Analysis of smPB data was performed using custom-written MATLAB software, GLIMPSE (see the Supporting Information). After local background and illumination corrections were applied, the initial brightness intensity (I0) was calculated for each detected fluorescent particle. A 2D histogram of I0 against Tpb is shown in Figure 3C, with the brightness distribution fitted to a Gaussian centered at 4.4 ± 0.2 kHz and the time-to-photobleaching distribution fitted to an exponential with a lifetime of 14.7 ± 0.5 s. The same data for CD86 have an average I0 of 4.3 ± 0.2 kHz and Tpb of 18.0 ± 1.3 s (Figure 3D).
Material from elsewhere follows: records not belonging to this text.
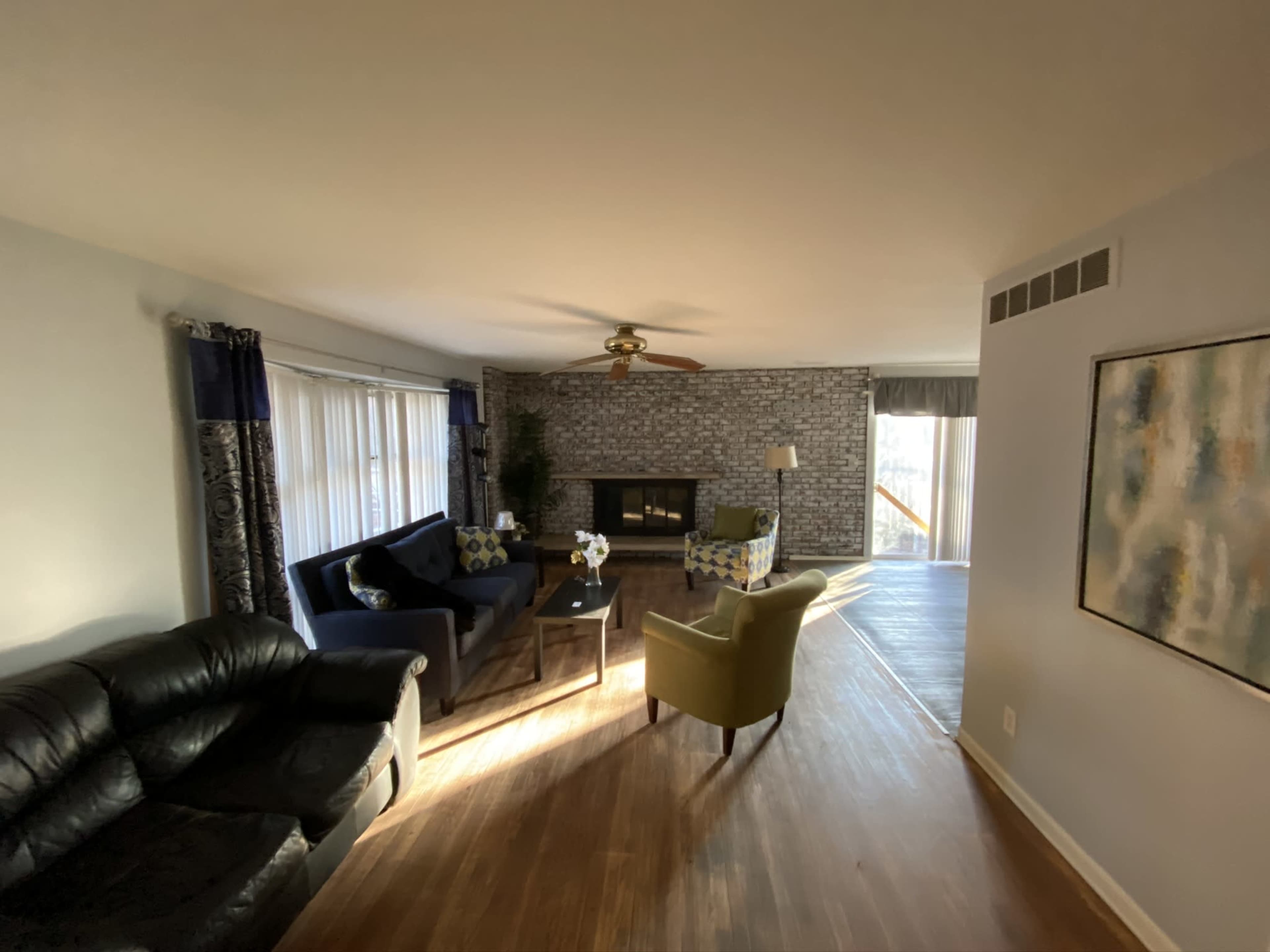 A living room with a black leather sofa, a blue couch with decorative pillows, a coffee table, and a fireplace, illuminated by natural light from large windows.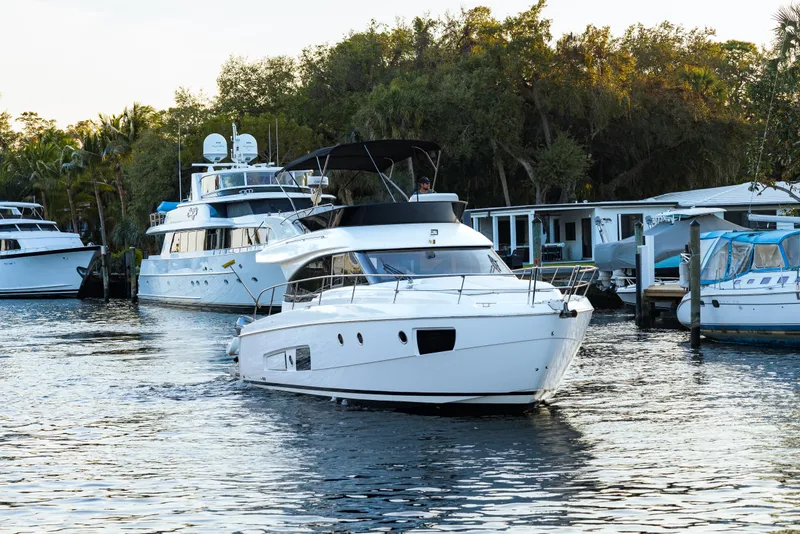 Slide: The Image of 2013 Bavaria Virtess 420 Fly yacht cruising in a marina with surrounding boats. - 5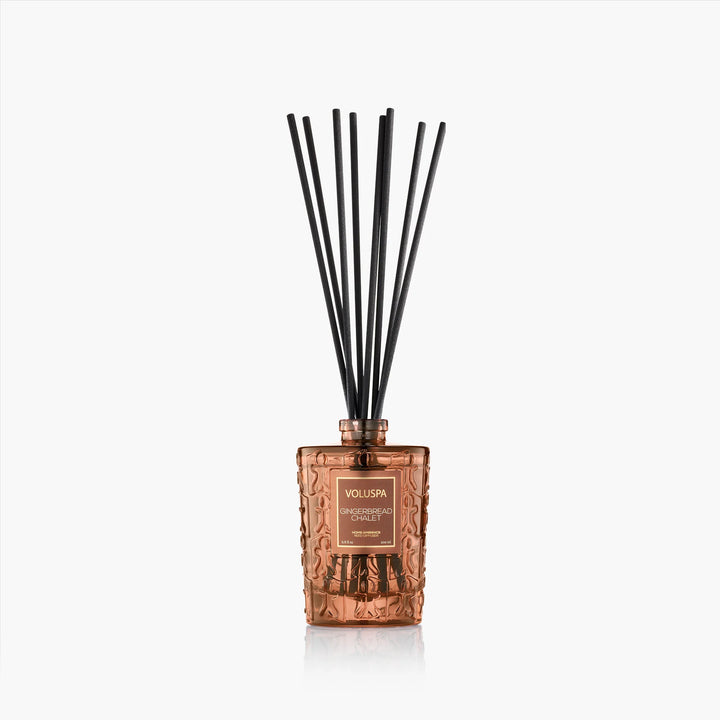 Gingerbread Chalet Reed Diffuser by Voluspa in embossed amber glass with black diffuser reeds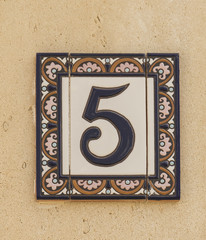 Numeral 5 of old ceramic tile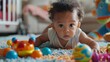 © basketman23 - Cute mixed race baby playing with toys,  exploring the world with curiosity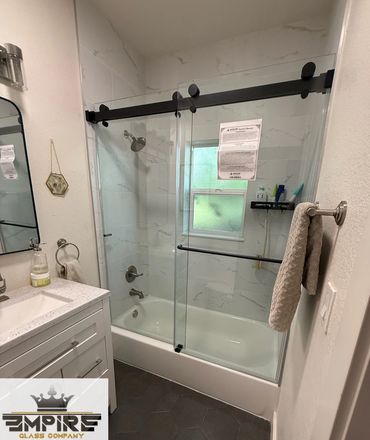 Modern bathroom with glass shower doors and hexagonal floor tiles.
That the I0 distribution for CD86 was well fitted by a single Gaussian was indeed expected, as CD86 is a monomeric protein.43 As such, the average brightness for CD86 is an accurate measure of the molecular brightness (Im) of a single JF635i-HTL fluorophore bound to a HaloTag. For the M1R distribution (Figure 3C), the average I0 is close to Im, with only a small fraction (<10%) of receptor particles having intensities around 2Im. As such, at low expression levels, M1R is largely monomeric.
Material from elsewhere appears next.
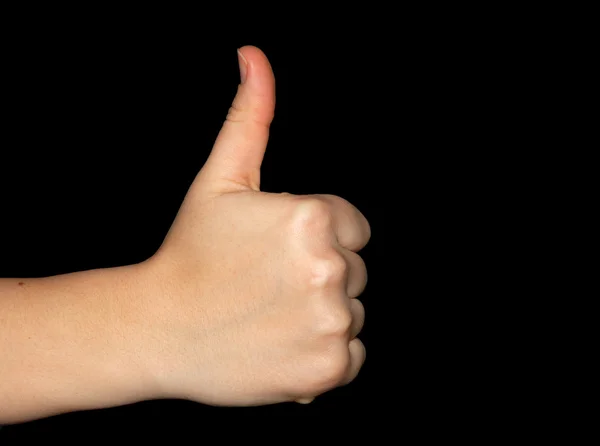 Thumbs up over a black background — Stock fotografie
Notably, the average value of Tpb is about an order of magnitude larger than the average duration of SPT trajectories in live cells (1.6 ± 0.1 s). This suggests that the limiting factor of the length of diffusion trajectories in cells is not the photobleaching of the fluorophore but splitting/merging events or out-of-focus movement (e.g., receptor internalization). A more thorough SPT analysis including trajectory segmentation and diffusivity transitions44 could provide further insights into these unaccounted effects in the present study.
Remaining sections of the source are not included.